Born in Sagua la Grande, Cuba, Wilfredo Lam personally exemplified the complex multiethnic nature of Latin America: his father was Chinese while his mother boasted a combined African, Indian, and European cultural background. Utilizing some of this background, Lam, through art, would explore various African and Caribbean cultural themes and exhibit his art both in the United States and in Europe.
Already at an early age, Wilfredo’s talents as an artist were becoming recognized. By the age of 14, he had enrolled at Havana’s fine arts institution, Escuela de Bellas Artes. Two years later his work began to come into the public eye through the various exhibitions initiated by Havana’s sculptor and painters association. During this time, Lam primarily worked in still life and landscapes.

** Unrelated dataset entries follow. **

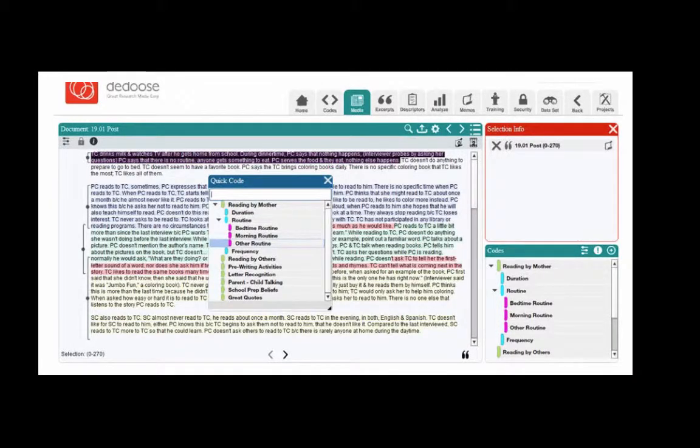Researchers may choose to use qualitative coding software such as Dedoose or in vivo to help keep track of the massive amounts of data. Each document, observation, interview, etc. gets uploaded into the software where the researcher can apply a code. The researcher reads through the data line by line to conduct the analysis, and the software can track how many times a code was applied and how many times the codes interacted. Here's an example of coding using the Dedoose software — notice some lines might have multiple codes applied to them.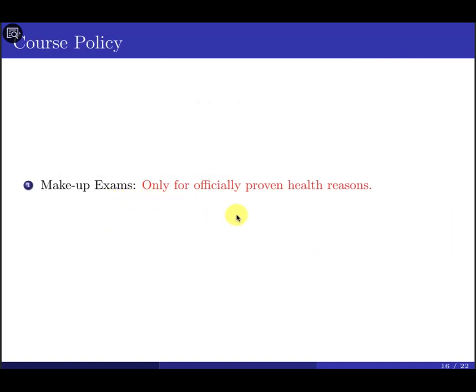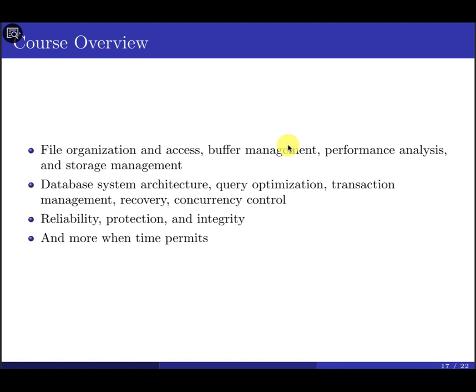Makeup exams are available only for health or serious personal reasons. If you cannot attend the midterm or final exam, let me know. Hopefully we won't need to go down that path, but if necessary, reach out and we'll figure out a solution.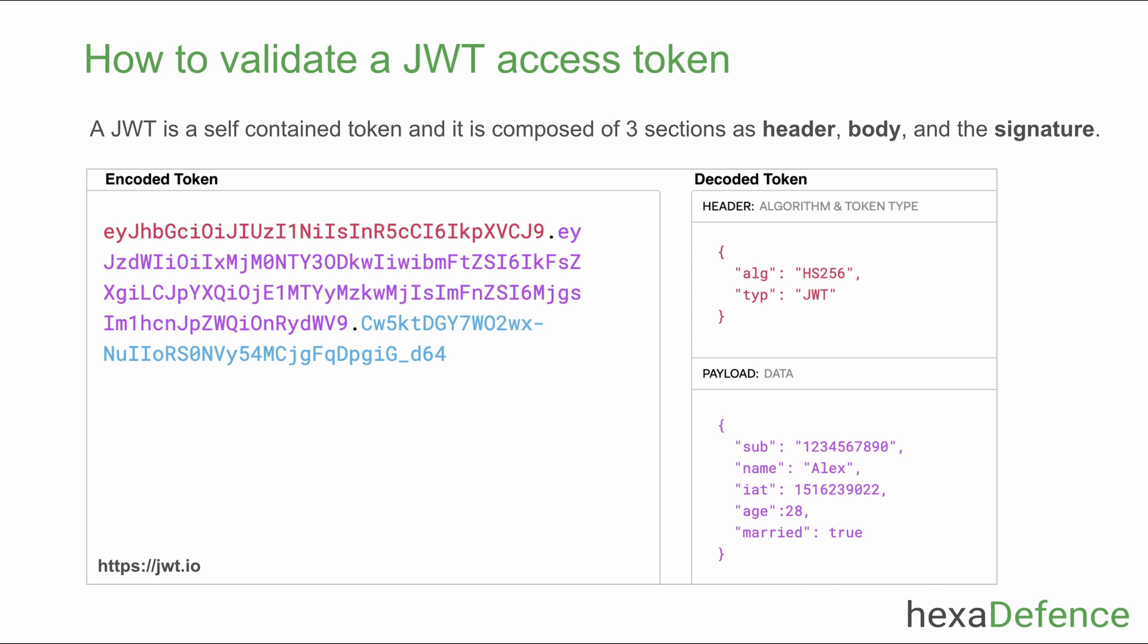Let's learn how an API validates a JWT token. A JWT access token is a self-contained token. That means the token itself contains information for the backend API to make access decisions. JWT token is composed of three sections: header, body, and the signature.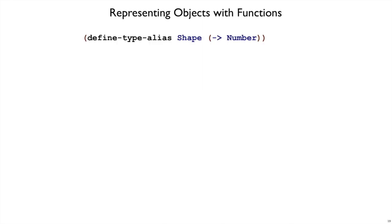For example, when we have a shape object, if the only operation we care about for shapes is the area operation, then we can just say that every shape is a function that when you call it gives the area back.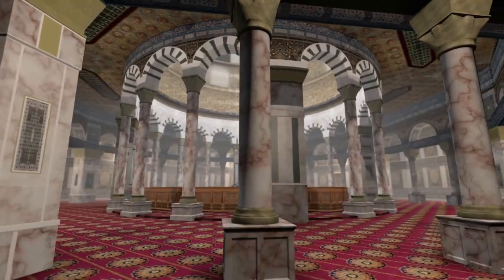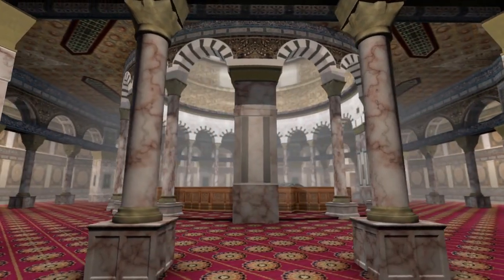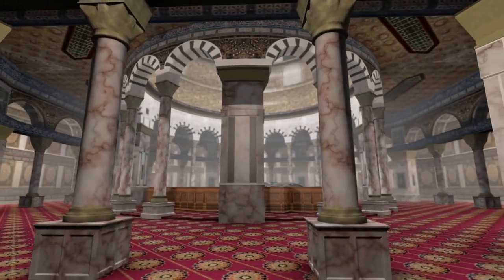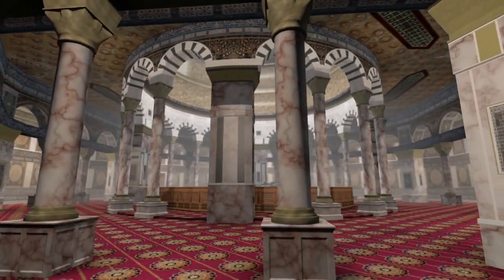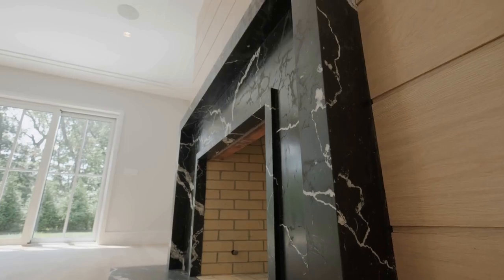This type of arch was used in many famous Islamic structures such as the Alhambra Palace and the Great Mosque of Cordoba.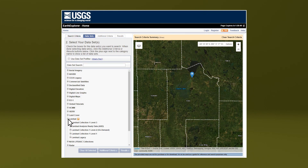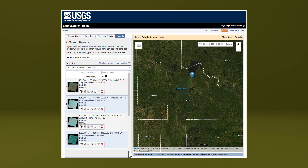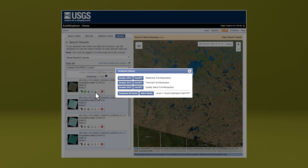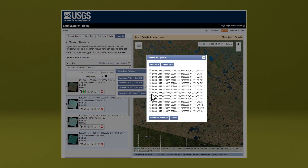With Landsat data stored in the cloud, users can download only the bands or files that they need, because the Landsat record is stored uncompressed in a cloud-optimized format.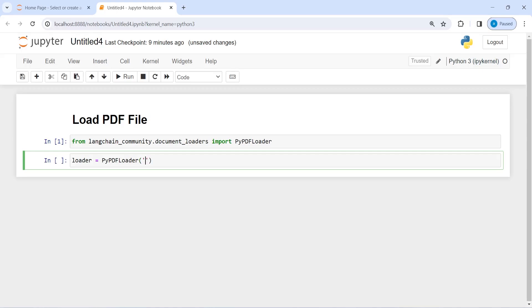My PDF file name is PDF-sample.pdf and this PDF file is in the same directory where I have created this notebook.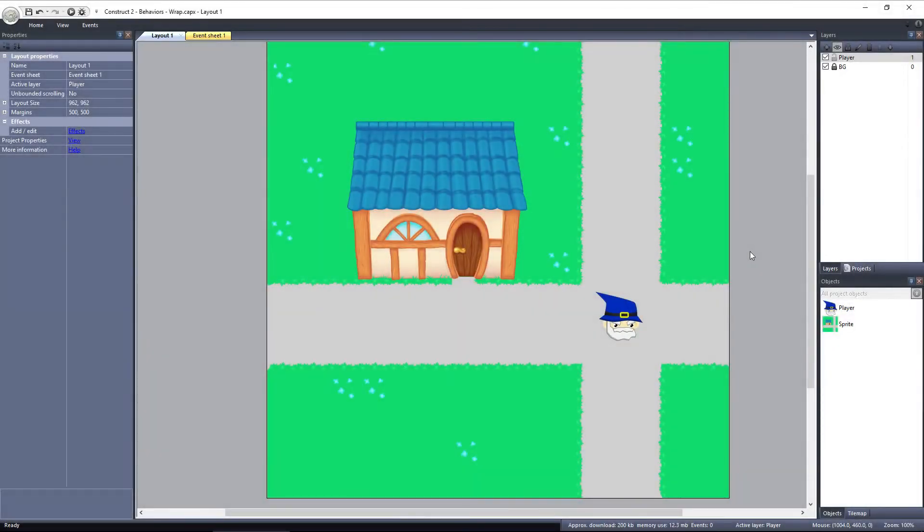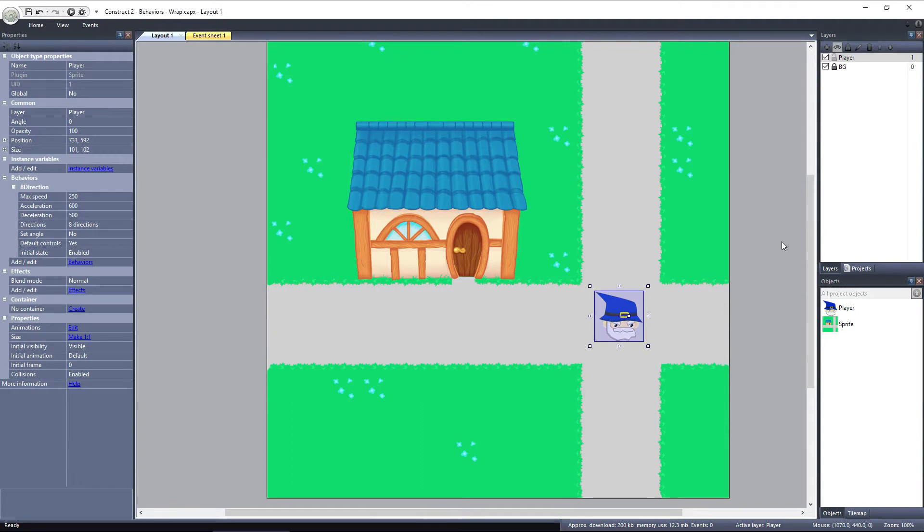I have this little layout here with the layout and window size set to be the same. Also, my player object here has the 8 direction behavior applied to it.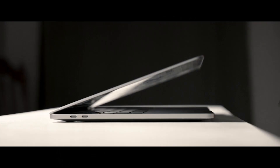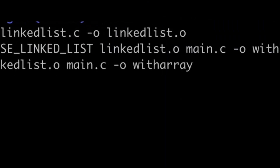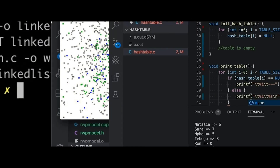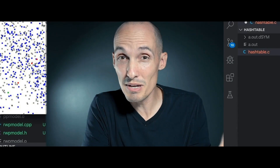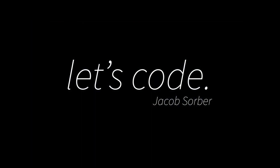Let's talk about why you're not getting as much as you'd like out of your computer science or programming classes. Welcome back, everybody. Today I wanted to talk about a complaint that I hear fairly frequently from students.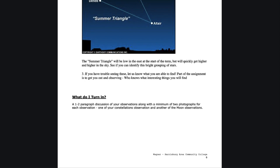That concludes this lecture on the observations assignment looking at the moon and constellations. We'll be back again next time to continue our journey through the universe. Until then, have a great day everyone, and I will see you in class.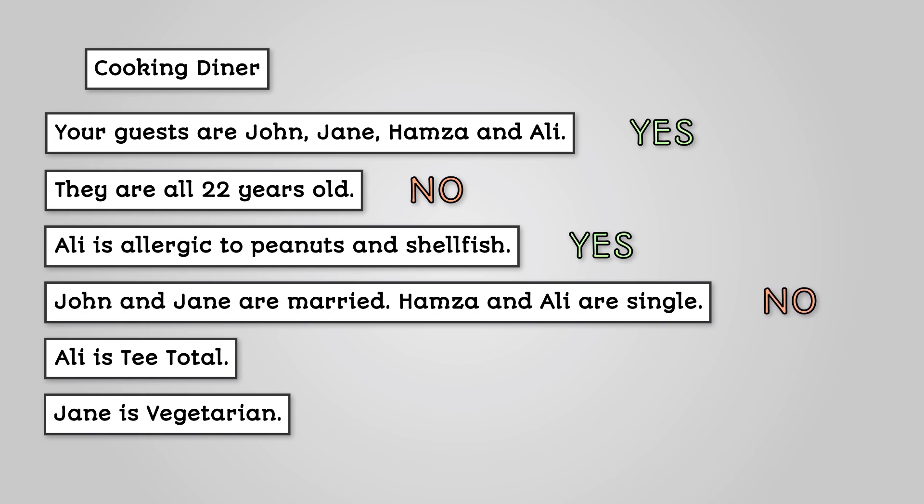Ali is teetotal. Is this necessary? Yes, you cannot use any recipe that involves alcohol. Jane is vegetarian. Is this necessary? Yes, you'll want to avoid meat in your menu.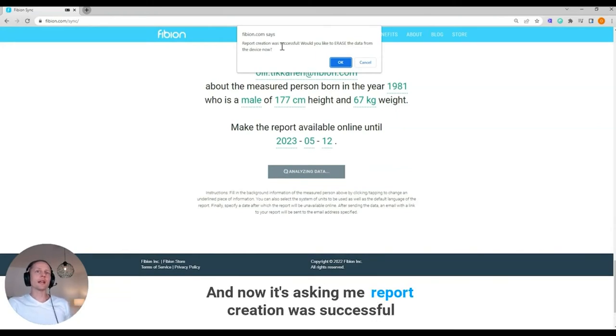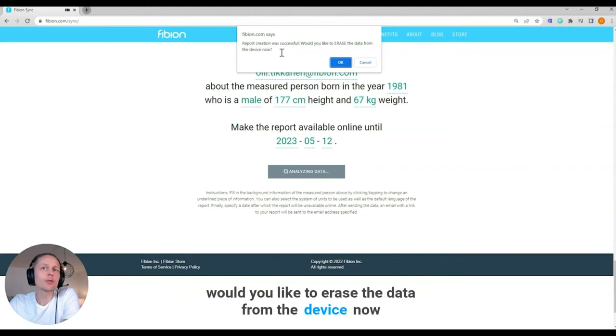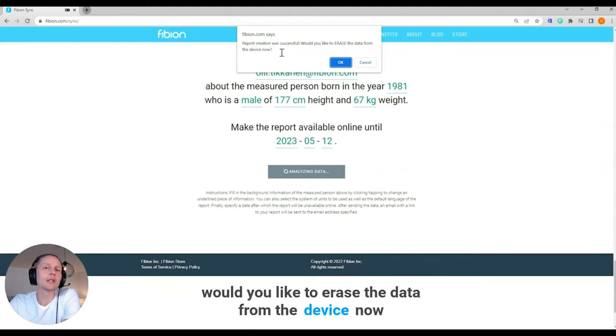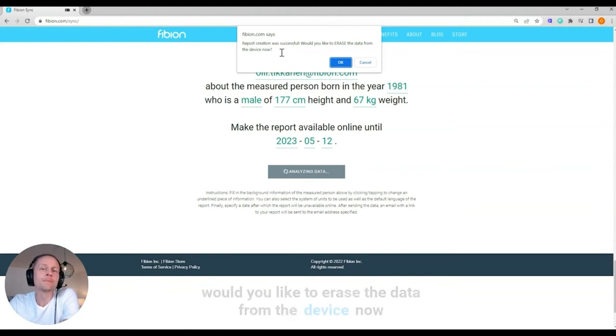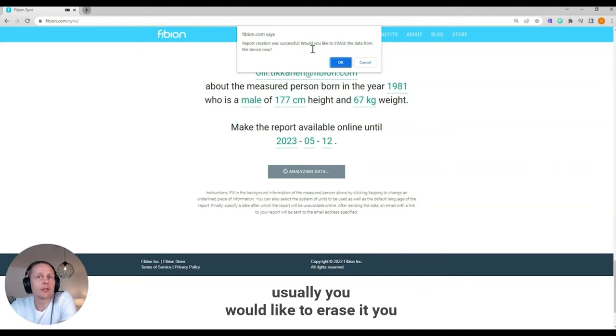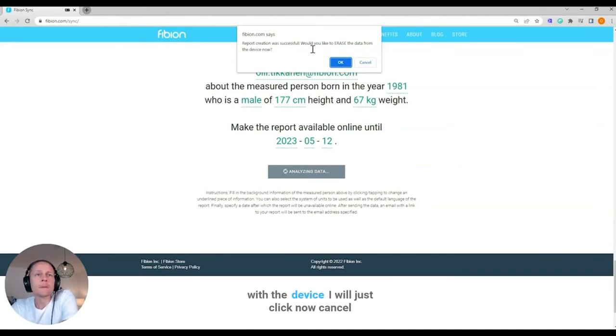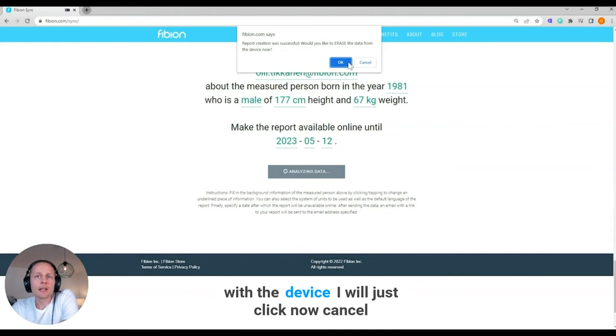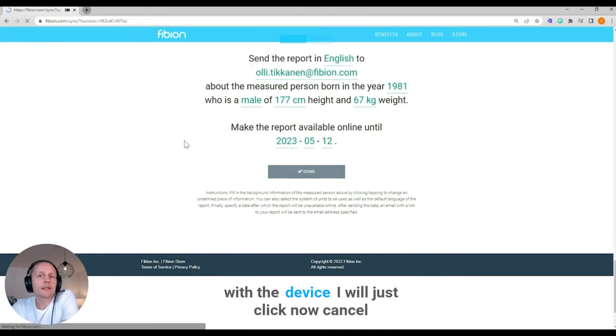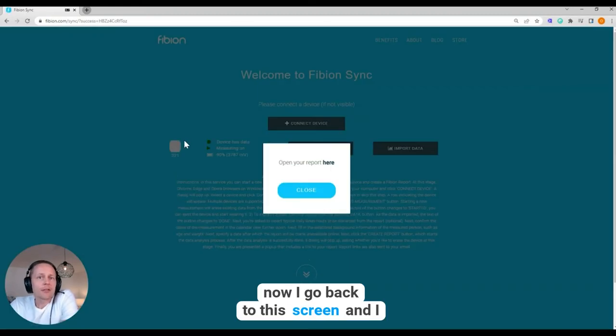And now it's asking me report creation was successful. Would you like to erase the data from the device now? Usually you would like to erase it. You probably are starting a new measurement with the device. I will just click cancel. Now I go back to this screen and I can open the report here.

By 1923, Lam had decided to further his arts education in Europe, traveling to Spain and becoming a student of Salvador Dali’s former instructor, Fernando Alvarez de Sotomayor. During his fifteen year stay in Spain, Lam visited various parts of the Spanish peninsula and experimented in various genres from cubism to surrealism. Influences included the French painter Henry Matisse and Spain’s Pablo Picasso. The latter would help shape both Lam’s artistic work and political leanings, and would be responsible for encouraging Lam’s interest in African art and tribal masks. With the advent of civil war in Spain, Lam sought to fight on the Republican side but eventually left the country by 1938.
Upon arriving in Paris that same year, Lam was introduced to the city’s art community and was invited to display his work at a solo show at the Galerie Pierre Loeb. His stay in France, however, was cut short with the arrival of Nazi troops and World War II. His departure was part of a larger exodus of artists and intellectuals to the island of Martinique. The subsequent move back to the Caribbean initiated a rediscovery of Lam’s Afro-Cuban background of which his 1943 painting, La Jungla, exemplifies. With its mixed sensibilities, Lam’s La Jungla and later work documented and expressed Cuban landscapes, African mythologies, and Caribbean spirit. He celebrated his first solo show in Havana in 1946 and won a national prize in 1951. After 1946, his paintings took on a more solemn tone as demonstrated in La Boda (1976) and are most attributed to his interest in the hybrid Haitian religion of Santeria.
Lam continued his travels through the 1950s and 60s, finally settling in Europe and establishing a studio in Italy. Featured in both in the Americas and European continent, Lam’s works have won numerous awards and drawn acclaim for its bold and striking features. He died on September 11, 1982 in Paris.